# DATA EXTRACTS:
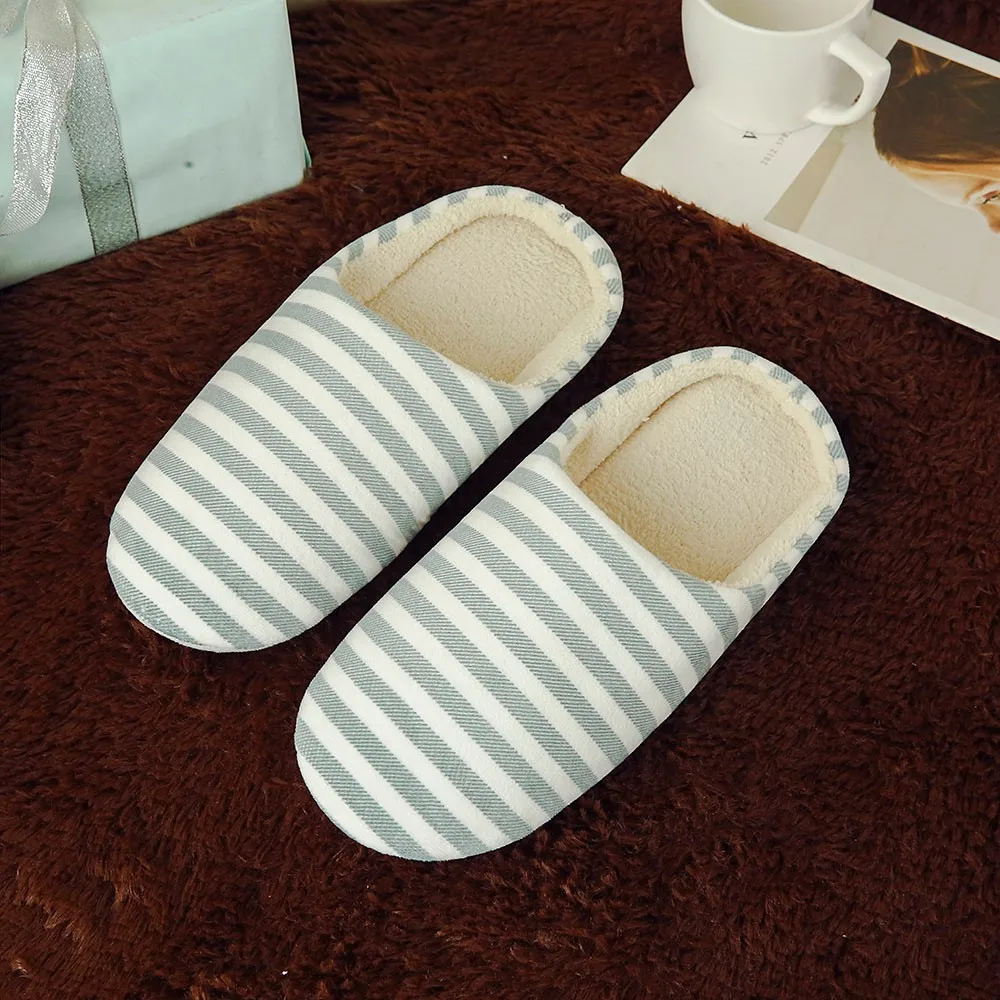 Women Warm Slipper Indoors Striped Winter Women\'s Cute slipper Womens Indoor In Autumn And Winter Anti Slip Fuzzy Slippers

...

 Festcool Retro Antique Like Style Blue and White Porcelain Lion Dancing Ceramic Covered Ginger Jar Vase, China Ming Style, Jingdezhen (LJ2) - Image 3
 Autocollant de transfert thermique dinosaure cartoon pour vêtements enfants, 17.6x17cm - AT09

# INSTRUCTIONS FOR THE TASK:
Extract from the records above the lines from the one containing "Festcool Retro Antique" to the one containing "Autocollant de transfert", both lines included, exactly as they appear and with nothing else.

# RESULT OF THE EXERCISE:
 Festcool Retro Antique Like Style Blue and White Porcelain Lion Dancing Ceramic Covered Ginger Jar Vase, China Ming Style, Jingdezhen (LJ2) - Image 3
 Autocollant de transfert thermique dinosaure cartoon pour vêtements enfants, 17.6x17cm - AT09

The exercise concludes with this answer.